1. _Agalychnis callydrias_, red-eyed leaf frog
2. _Bufo marinus_, marine or cane toad
3. _Litoria caerulea_, White's treefrog
4. Its awfull familiar, but I can't quite place it. I will have to mull it over and get back to you. I am thinking it might by a Litoria species, but I am not sure at all.
5. _Mantella aurantiaca_, golden mantella

----------


## sebastianbawn

Hi,
Thanks again Kurt, was just wondering on the one you were unsure, possibly _phrynohyas venulosa_? I dont know a great deal about frogs so just a guess

----------


## Kurt

> Hi,
> Thanks again Kurt, was just wondering on the one you were unsure, possibly _Phrynohyas venulosa_?


Thats what I thought at first, but after looking at pics of _Trachycephalus venulosus_ (the new name) I thought differently. I thinking _Litoria_ or maybe a Rhacophoridid.

----------


## sebastianbawn

Pic 2 was labelled at the wildlife place as a Curu Toad. I probably havent got exactly the right name but it was something like that, thats what stopped me labelling it as a Cane Toad

----------


## Kurt

I looked for Curu toad and only found a web site on eco-tourism in Costa Rica. Oddly enough the marine toad is a native of Costa Rica, so it is possible they are one in the same.

----------


## sebastianbawn

Wow thats interesting to know. Thanks Kurt, you are always a help

----------


## Alex Shepack

Originally I was going to call 4 Phrynohyas resinifactrix (or a similar species) but given how uncommon they are in the trade and after looking at the picture some more i'm thinking that it is actually Litoria infrarenta (White Lipped Tree Frog)

----------


## sebastianbawn

Thanks Tylo. I thougt the wite lip would be quite a giveaway but its not as asy to identify as I thought! will check out your thougts though, thanks

----------


## Kurt

I have to disagree, I have kept a few _Litoria infrafrenata_ and this little guy doesn't really look much like one.

----------


## Kurt

I just tried to post a picture of my most recent _L. infrafrenata_, but it doesn't seem to have taken. The pic can be see in my photo album in my profile.

----------


## Alex Shepack

After scouring AmphibaWeb I have opted to agree with Kurt.  Most like not Litoria, although I have seen some very similar White Lippeds.  Given that 2 of the other 4 are Costa Rican, i'll assume that this one could be also, in which case it is probably Phrynohyas (=Trachycephalus) venulosa (us).  This species is highly variable in its appearances so it wouldn't surprise me if it was at all.  I would again like to express my dislike of all these name changes, but thats just me.

----------



----------


## Kurt

> I would again like to express my dislike of all these name changes, but thats just me.
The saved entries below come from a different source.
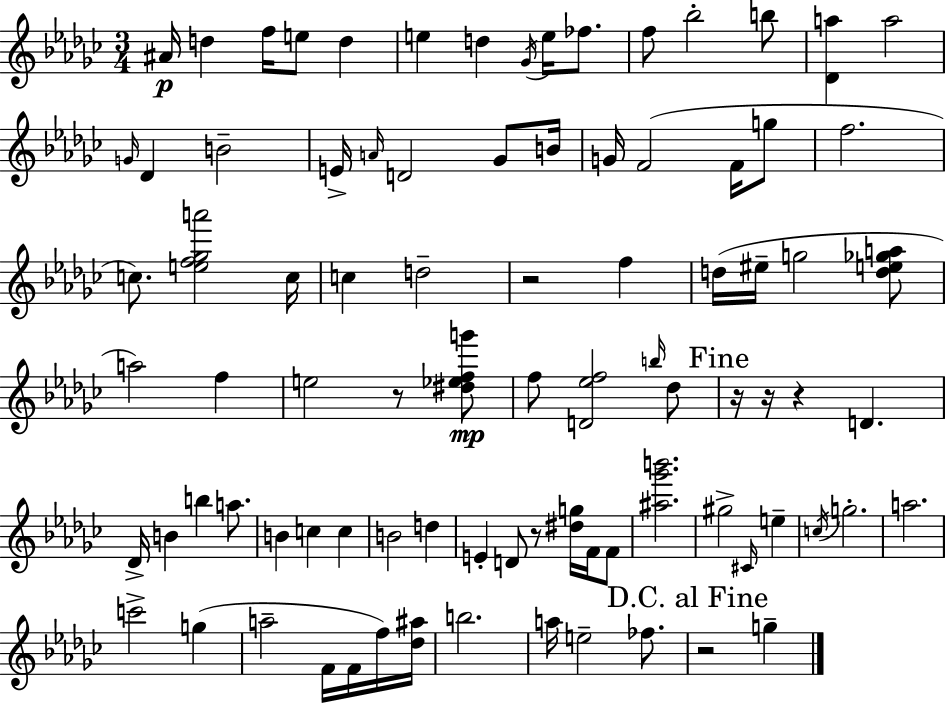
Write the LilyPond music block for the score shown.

{
  \clef treble
  \numericTimeSignature
  \time 3/4
  \key ees \minor
  ais'16\p d''4 f''16 e''8 d''4 | e''4 d''4 \acciaccatura { ges'16 } e''16 fes''8. | f''8 bes''2-. b''8 | <des' a''>4 a''2 | \break \grace { g'16 } des'4 b'2-- | e'16-> \grace { a'16 } d'2 | ges'8 b'16 g'16 f'2( | f'16 g''8 f''2. | \break c''8.) <e'' f'' ges'' a'''>2 | c''16 c''4 d''2-- | r2 f''4 | d''16( eis''16-- g''2 | \break <d'' e'' ges'' a''>8 a''2) f''4 | e''2 r8 | <dis'' ees'' f'' g'''>8\mp f''8 <d' ees'' f''>2 | \grace { b''16 } des''8 \mark "Fine" r16 r16 r4 d'4. | \break des'16-> b'4 b''4 | a''8. b'4 c''4 | c''4 b'2 | d''4 e'4-. d'8 r8 | \break <dis'' g''>16 f'16 f'8 <ais'' ges''' b'''>2. | gis''2-> | \grace { cis'16 } e''4-- \acciaccatura { c''16 } g''2.-. | a''2. | \break c'''2-> | g''4( a''2-- | f'16 f'16 f''16) <des'' ais''>16 b''2. | a''16 e''2-- | \break fes''8. \mark "D.C. al Fine" r2 | g''4-- \bar "|."
}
Tell me about it. I am writing a book on the subject and its a lot of work to keep up with it. I know that as soon as I am finished with it, I will have to go back and rewrite it.  :Mad:

----------


## wesleybrouwer

I know it is an awfully old topic, but it is indeed Trachycephalus venulosus  :Wink: 
Just came past it searching trough old topics here  :Big Grin:

----------